WHEN TO GO AND WHAT TO WEAR
  • The best months to visit Machu Picchu are May and June, since they are the mildest ones. Always try to bring along an umbrella or raingear, sunscreen and bags to protect your photographic equipment.
  • Broadly speaking, the days are warm and the nights cold. You have to be prepared for fluctuating temperatures. It would be ideal to bring along a sweater, mittens and a wind-jacket, inside a small backpack. During the day, you can wear long-sleeved cotton shirts and comfortable trousers to move around easily. During the dry season (May-November), the sun forces you to wear sunglasses and a hat, and apply sunscreen.
  • You should bring bottled water. During the rainy season (December- April), it is advisable to bring boots to walk comfortably, since the ground gets too muddy. To protect them from rain, you should also carry your personal belongings and ID in a plastic bag inside the backpack. Be sure you always bring an extra long-sleeved shirt.
  • Since Machu Picchu has a warm climate, there are plenty of insects and mosquitoes, which mostly appear during sunny days, and whose bites produce skin irritation. We recommend you take insect repellent.
  • If you are going on the Inca Trail to Machu Picchu, your travel agency will give you the necessary equipment.
  • You should bring along a sleeping bag, a backpack, a multipurpose knife, motion sickness pills, universal snake-poison serum, and bottled water.

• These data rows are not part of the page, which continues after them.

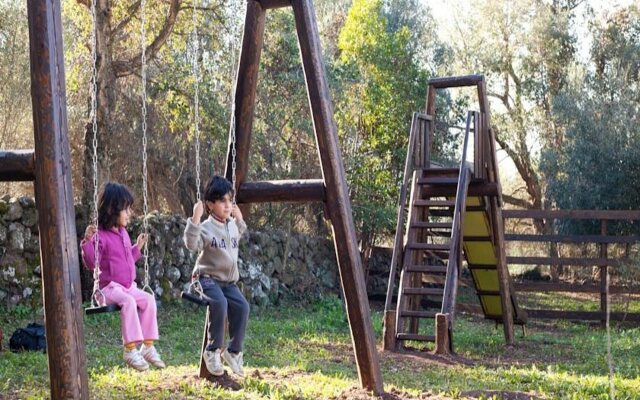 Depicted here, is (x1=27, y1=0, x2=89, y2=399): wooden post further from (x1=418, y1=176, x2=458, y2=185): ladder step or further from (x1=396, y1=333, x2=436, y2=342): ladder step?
(x1=418, y1=176, x2=458, y2=185): ladder step

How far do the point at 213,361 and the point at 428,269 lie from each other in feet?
14.9

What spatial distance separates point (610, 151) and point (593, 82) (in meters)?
3.30

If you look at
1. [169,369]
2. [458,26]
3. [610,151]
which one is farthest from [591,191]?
[169,369]

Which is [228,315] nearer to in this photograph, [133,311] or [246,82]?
[133,311]

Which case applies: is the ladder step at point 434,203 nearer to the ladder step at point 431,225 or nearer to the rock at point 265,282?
the ladder step at point 431,225

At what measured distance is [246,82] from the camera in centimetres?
702

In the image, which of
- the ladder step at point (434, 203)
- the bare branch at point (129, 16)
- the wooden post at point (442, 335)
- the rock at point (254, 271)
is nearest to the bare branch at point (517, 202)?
the rock at point (254, 271)

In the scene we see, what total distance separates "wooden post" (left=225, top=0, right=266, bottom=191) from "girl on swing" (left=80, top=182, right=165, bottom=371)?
41.8 inches

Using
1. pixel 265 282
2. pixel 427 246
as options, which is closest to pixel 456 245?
pixel 427 246

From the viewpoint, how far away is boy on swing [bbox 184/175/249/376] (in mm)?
6523

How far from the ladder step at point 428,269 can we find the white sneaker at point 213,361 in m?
4.37

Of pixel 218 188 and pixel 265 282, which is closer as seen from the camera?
pixel 218 188

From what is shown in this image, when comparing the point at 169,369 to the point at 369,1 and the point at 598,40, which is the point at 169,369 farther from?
the point at 598,40

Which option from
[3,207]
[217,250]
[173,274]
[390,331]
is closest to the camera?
[217,250] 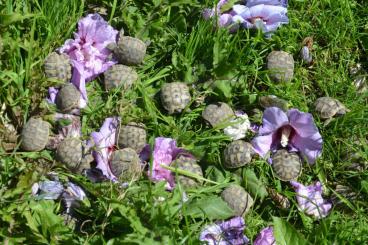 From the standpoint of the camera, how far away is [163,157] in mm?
2316

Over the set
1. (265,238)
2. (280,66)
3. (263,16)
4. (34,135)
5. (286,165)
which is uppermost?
(263,16)

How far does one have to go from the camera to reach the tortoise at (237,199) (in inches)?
89.0

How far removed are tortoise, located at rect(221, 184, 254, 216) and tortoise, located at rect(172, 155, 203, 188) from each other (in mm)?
106

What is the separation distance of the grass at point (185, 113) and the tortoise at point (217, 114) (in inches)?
1.6

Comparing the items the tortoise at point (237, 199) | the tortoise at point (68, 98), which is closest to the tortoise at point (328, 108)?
the tortoise at point (237, 199)

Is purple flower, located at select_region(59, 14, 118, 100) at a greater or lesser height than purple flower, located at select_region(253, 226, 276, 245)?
greater

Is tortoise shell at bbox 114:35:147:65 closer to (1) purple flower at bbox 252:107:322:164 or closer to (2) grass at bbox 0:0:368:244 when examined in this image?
(2) grass at bbox 0:0:368:244

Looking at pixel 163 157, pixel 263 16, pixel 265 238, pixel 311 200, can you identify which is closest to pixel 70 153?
pixel 163 157

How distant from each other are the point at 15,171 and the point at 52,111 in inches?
10.6

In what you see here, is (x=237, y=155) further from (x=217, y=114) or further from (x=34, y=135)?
(x=34, y=135)

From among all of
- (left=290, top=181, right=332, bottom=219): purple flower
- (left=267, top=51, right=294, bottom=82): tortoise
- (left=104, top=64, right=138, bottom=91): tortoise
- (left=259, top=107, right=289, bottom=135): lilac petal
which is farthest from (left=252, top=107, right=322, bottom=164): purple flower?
(left=104, top=64, right=138, bottom=91): tortoise

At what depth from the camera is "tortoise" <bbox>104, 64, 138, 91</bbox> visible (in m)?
2.40

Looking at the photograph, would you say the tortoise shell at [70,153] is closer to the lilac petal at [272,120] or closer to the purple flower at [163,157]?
the purple flower at [163,157]

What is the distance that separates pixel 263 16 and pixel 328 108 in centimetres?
46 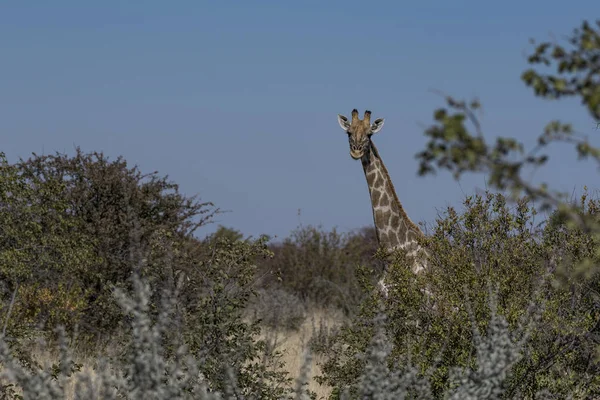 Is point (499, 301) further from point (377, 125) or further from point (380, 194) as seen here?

ALTITUDE SICKNESS IN MACHU PICCHU

Also known as mountain sickness, this is basically a consequence of the shortage of oxygen. It is suffered mainly by people who do not acclimatize within a day or two, at an altitude of over 2,000 meters above sea level. Even though the effects are different in every person, almost all tourists who arrive at Cusco by plane are prone to suffering altitude sickness. In fact, there are some people who are never affected by altitude at all. There are various symptoms that generally show within the first 48 hours of ascent, among which we can mention headaches, nausea, loss of appetite and even a feeling of breathlessness, sleep problems and palpitations, among others.

Prevention

The best way to prevent altitude sickness is by making a gradual ascent. It is essential for travellers to Cusco to carry out their activities in a gradual way. It is highly advisable to rest for a day, have a light meal and enjoy the delicious mate of coca, a brew that is effective against mountain sickness.

If you have some time available and can spend the first nights of your trip to Cusco in the Holy Valley, you will have fewer chances of being affected by altitude sickness.